La idea de poder ensamblar desde ordenadores hasta caviar, a partir de moléculas individuales, cambiaría el mundo, siempre y cuando alguien encontrase la forma de llevarla a la práctica. Dirijamos la atención hacia los ensambladores nanométricos: brigadas de robots de decenas de nanómetros con brazos manipuladores robóticos que "aprehenden y colocan en su sitio". Bajo el control superior de un potente ordenador, estos dispositivos elementales se encargarían de encajar bloques de moléculas para hacer copias de sí mismos; las réplicas construirían a su vez otras; éstas, otras, y así sucesivamente en una progresión exponencial. Entonces se podrían dirigir estos equipos de construcción para que realizasen tareas sorprendentes, como curar enfermedades desde el interior del cuerpo, y fabricasen materiales de complicado diseño a partir de materias primas con un coste extraordinariamente bajo.

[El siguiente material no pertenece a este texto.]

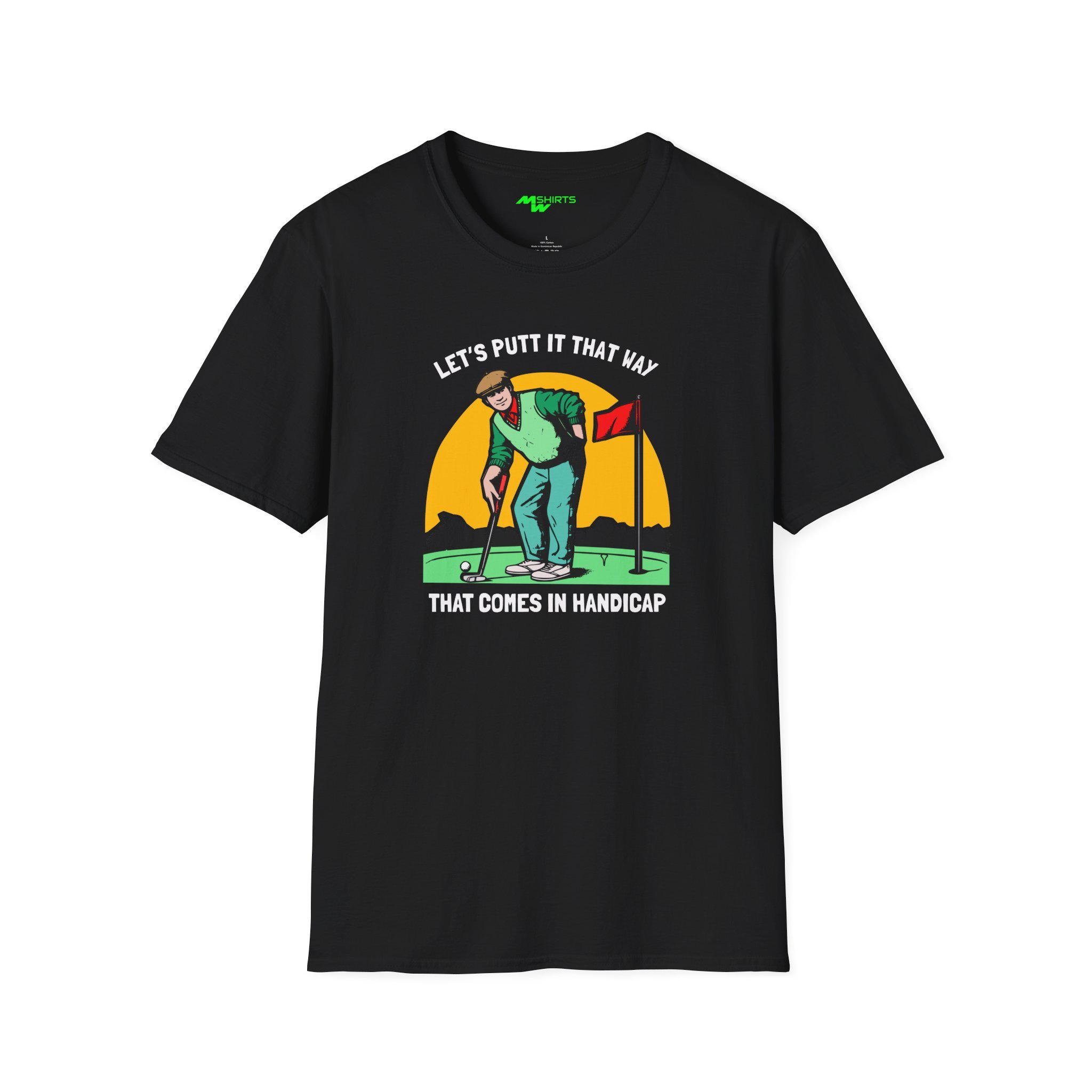 レトロゴルファーTシャツ：50年代風ヴィンテージゴルフ愛好家向け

Durante años K. Eric Drexler y su colega Ralph C. Merkle, criptógrafo, alimentaron esta visión futurista, sirviéndose de simulaciones por ordenador de engranajes, bombas y otros subsistemas de máquinas moleculares a escala nanométrica. En las imágenes resultantes, las esferas coloreadas indican la posición de cada átomo integrante. Se levantaron críticas sobre la viabilidad real de tales simulaciones. Una cosa era, se aducía, las representaciones digitales y otra los objetos de un mundo en interacción a través de complejas fuerzas de enlace químico en el entorno de la escala nanométrica, donde no siempre se aplica la física macroscópica y a menudo prevalece la mecánica cuántica.